**Input data:**
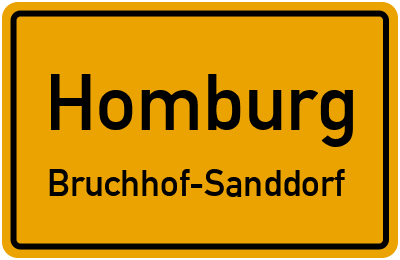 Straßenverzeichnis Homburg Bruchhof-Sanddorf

==

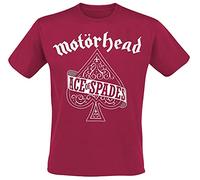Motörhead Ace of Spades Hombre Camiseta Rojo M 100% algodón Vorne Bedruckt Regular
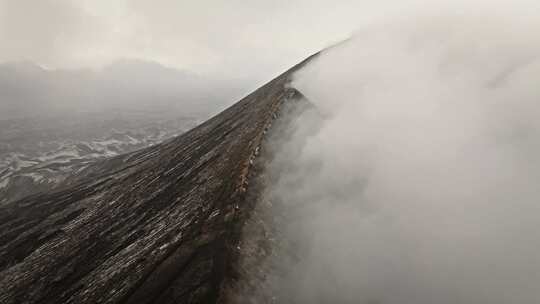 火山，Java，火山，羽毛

**Task to complete:**
Please repeat, exactly as written, the lines in the records above, starting with the one that has "Motörhead Ace of" and going on through the one that has "火山，Java，火山，羽毛". Pictures are to be left out.

**Written response:**
Motörhead Ace of Spades Hombre Camiseta Rojo M 100% algodón Vorne Bedruckt Regular
 火山，Java，火山，羽毛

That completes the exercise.